What is in this article?:
- Budget concerns will overshadow 2012 farm bill
- Nation's financial situation is serious
- Many challenges facing agriculture funding
- Can't balance budget on agriculture's back
- Conservation programs likely facing cuts
When congressional agriculture committees start hammering out details of the 2012 farm bill, “We aren’t going to be able to just make a carbon copy of the 2008 legislation,” says Tara Smith, director of congressional relations for the American Farm Bureau Federation.““We’re facing by far the worst budget situation we’ve ever been in when writing a farm bill, and I think this will dominate the discussions."
Nation's financial situation is serious
Former House Agriculture Committee Chairman Collin Peterson, D-Minn., said last year: “The financial situation facing this country is serious and we’re going to have to live within the budget we currently have when we write the next farm bill. I will not ask for money outside the farm bill budget.”
“One of the problems we’ve already seen with the 2012 legislation,” Smith says, “is that we’ve already had some money ‘stolen’ from the farm bill budget.

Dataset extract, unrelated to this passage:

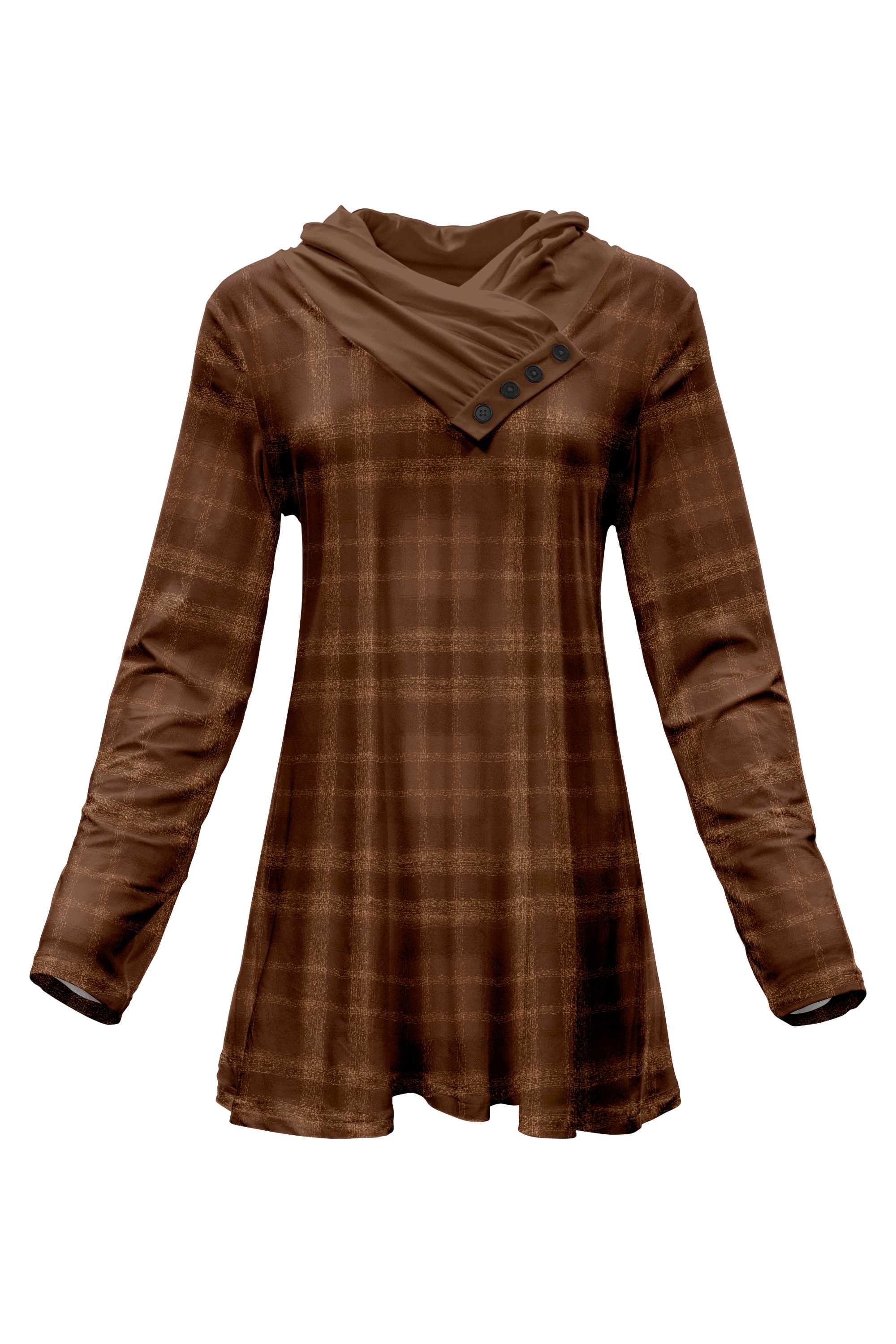 Lily by Firmiana Cowl Neck 4-Button Placket Tops - Image 25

The standard reinsurance agreement took $6 billion; a random piece of legislation on teachers jobs took $11.9 billion; and $2.2 billion was taken for child nutrition programs.
“Why should we care? Well, you can be sure the nutrition groups and others who lost funds are rallying their troops to try and insure that that money is replaced — and one of the places they’ll try and get that money is from farm programs.
“When we wrote the last farm bill, we got $10 billion extra from the Finance and Ways and Means Committees, most of which went for nutrition programs. We just aren’t going to have that this time. All the low hanging fruit — the easy pickings to fund farm bill programs — is gone.”